Elle se décolla précipitamment du mur, puis lui jeta un regard noir.

« TRÈS BIEN. ALLEZ CHERCHER LA PETITE. JE CROIS QU’IL FAUT PARTIR. » Une idée lui vint. Il s’égaya un peu. « IL NOUS RESTE PEU DE TEMPS. QUELLE HEURE EST-IL ?

— J’sais pas. Vous arrêtez les pendules pour un oui pour un non.

— MAIS IL N’EST PAS ENCORE MINUIT ?

— D’après moi, il est pas plus d’onze heures et quart.

— ALORS ON A TROIS QUARTS D’HEURE DEVANT NOUS.

— Comment vous pouvez être sûr ?

— À CAUSE DU CÔTÉ THÉÂTRAL, MADEMOISELLE TROTTEMENU. LE TYPE DE MORT QUI PREND LA POSE SUR LA LIGNE D’HORIZON À LA LUMIÈRE DES ÉCLAIRS, expliqua Pierre Porte d’un ton désapprobateur, NE FAIT PAS SON ENTRÉE À ONZE HEURES ET VINGT-CINQ MINUTES S’IL PEUT LA FAIRE À MINUIT. »

Elle hocha la tête, toute pâle, et disparut à l’étage. Elle redescendit au bout d’une ou deux minutes en portant Sal enveloppée dans une couverture.

« Elle a l’sommeil lourd, dit-elle.

— CE N’EST PAS DU SOMMEIL. »

La pluie avait cessé, mais la tempête faisait toujours rage autour des collines. L’air grésillait et produisait toujours l’effet d’une fournaise.

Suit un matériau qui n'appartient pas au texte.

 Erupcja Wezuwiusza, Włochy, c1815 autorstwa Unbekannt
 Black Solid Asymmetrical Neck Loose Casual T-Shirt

Pierre Porte passa en tête devant le poulailler où Cyril et son harem sur le retour se tapissaient dans le noir tout au fond et tâchaient d’occuper les mêmes centimètres de perchoir.

Une lueur vert pâle planait autour de la cheminée de la ferme.

« On appelle ça le feu de Bassan, dit mademoiselle Trotte-menu. C’est un présage.

— UN PRÉSAGE DE QUOI ?

— Hein ? Oh, me demandez pas. Rien qu’un présage, m’est idée. De la présagerie toute bête. Où on va ?

— AU VILLAGE.

— Pour se rapprocher de la faux ?

— Oui. »

Il disparut dans la grange. Au bout d’un moment, il ressortit en conduisant Bigadin, sellé et harnaché. Il l’enfourcha, puis se pencha et hissa d’un coup la vieille demoiselle et la fillette endormie devant lui sur le cheval.

« SI JE ME SUIS TROMPÉ, ajouta-t-il, CE CHEVAL VOUS EMMÈNERA OÙ VOUS VOULEZ.

— Tout ce que j’voudrai, c’est rentrer chez moi !

— OÙ VOUS VOULEZ. »

Bigadin se lança au petit trot lorsqu’ils virèrent sur la route qui menait au village. Le vent arrachait les feuilles des arbres ; elles les dépassaient en virevoltant et filaient sur la route. De temps en temps, un éclair fouettait encore le ciel.

Mademoiselle Trottemenu regarda la colline au-delà de la ferme. « Pierre…

— JE SAIS.

— … c’est revenu…

— JE SAIS.

— Pourquoi ça nous court pas après ?

— ON NE RISQUE RIEN TANT QU’IL RESTE ENCORE DU SABLE.

— Et quand y en aura plus, vous mourrez ?

— NON. QUAND IL N’Y AURA PLUS DE SABLE, JE SERAI CENSÉ MOURIR. JE ME TROUVERAI DANS L’ESPACE ENTRE LA VIE ET LA VIE FUTURE.

— Pierre, on aurait dit que sa monture… J’ai cru que c’était un cheval normal, juste très maigre, seulement…

— C’EST UN SQUELETTE DE COURSIER. IMPRESSIONNANT MAIS GUÈRE PRATIQUE. J’EN AI EU UN COMME ÇA, MAIS LA TÊTE EST TOMBÉE.

— La Mort au p’tit cheval, comme qui dirait.